Burkhard Götze ist Dirigent und Arrangeur und leitet das von ihm ins Leben gerufene Metropolis Orchester Berlin. Im Interview erläutert er die Besonderheit von Stummfilm-Musik und ihren Reiz für Orchester-Dirigenten.
(Foto: Richard Siedhoff)
MdM: Was macht den Reiz aus, Musik zu einem Stummfilm zu dirigieren? Der Fokus liegt ja mehr auf der Leinwand, als auf dem Orchester?
GÖTZE: Mehr noch als beim Tonfilm ist die Musik bei einem Stummfilm ein tragendes Element. Das wird deutlich, wenn Sie sich beispielsweise einmal einen Chaplin wirklich stumm anschauen. Da werden Sie merken, dass der Genuss, selbst der ausgefallenen Gags, nicht so stark sein kann, weil etwas ganz Entscheidendes fehlt – die Musik. Der Reiz, solch eine Stummfilmmusik zu dirigieren, liegt vor allem darin, dass man durch die Musik in den Film quasi eintauchen kann, den Schauspielern so folgen kann und muss, wie in der Oper den Sängern. Mit der Musik kann man die Dramatik des Films ins unermessliche steigern, unterschwellige Handlungsebenen betonen und vor allem dem Film sein Tempo geben.

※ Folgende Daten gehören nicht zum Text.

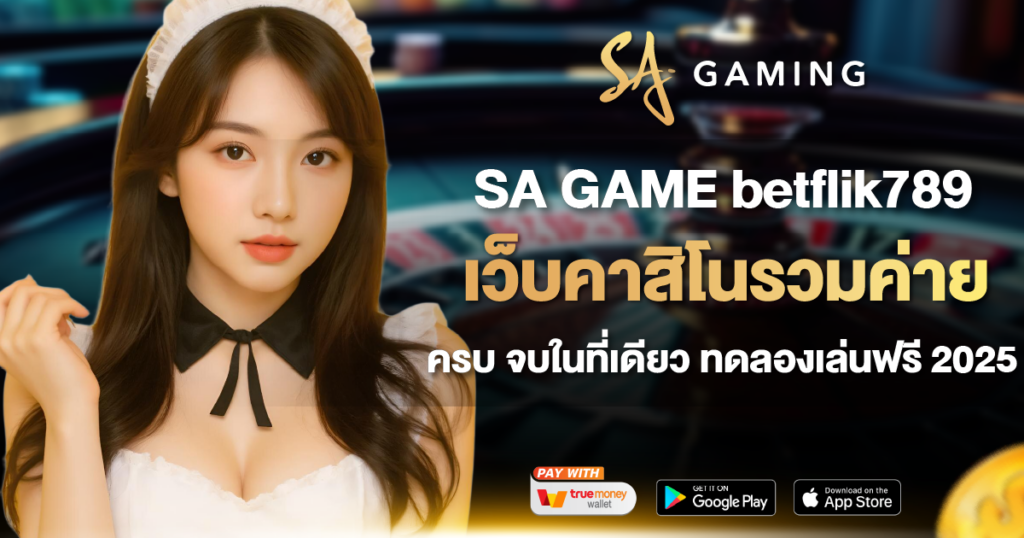 betflik789 SA GAMING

Dafür braucht man eine Musik, die dem Film guttut, ihn versteht und wenn man die hat, dann macht es unglaublich Spaß.
Was sind die Herausforderungen eines Stummfilmdirigenten?
Mehr als bei allen anderen Bereichen der klassischen Musik ist für einen Stummfilmdirigenten ein höchst präzises Tempoempfinden erforderlich, denn die genaue Synchronisation mit dem Film ist jedes Mal eine Herausforderung. Jede Ungenauigkeit kann bei einem Film mit rascher Schnittfolge böse Folgen haben: Ist man beispielsweise noch mit der Musik zur Liebesszene beschäftigt, während bereits die Verfolgungsjagd in vollem Gange ist, wird auch dem unmusikalischsten Zuschauer auffallen, dass etwas nicht stimmt.
Wenn man allerdings nur Synchronität hinbekommt, reicht das auch nicht aus. Wie jeder andere Dirigent sollte man in der Lage sein, seine Interpretation der Musik auf die Musiker zu übertragen. Wenn Präzision und Leidenschaft zusammenkommen, dann wird eine Stummfilmaufführung ein unvergleichliches Erlebnis für das Publikum. Eine Vertrautheit mit den verschiedenen musikalischen Stilen, auch weit über klassische Musik hinaus, wäre für einen Stummfilmdirigenten auch, sowie die Fähigkeit, Musik zu arrangieren und zu bearbeiten, um sie für die praktische Anwendung als Stummfilmbegleitung benutzen zu können.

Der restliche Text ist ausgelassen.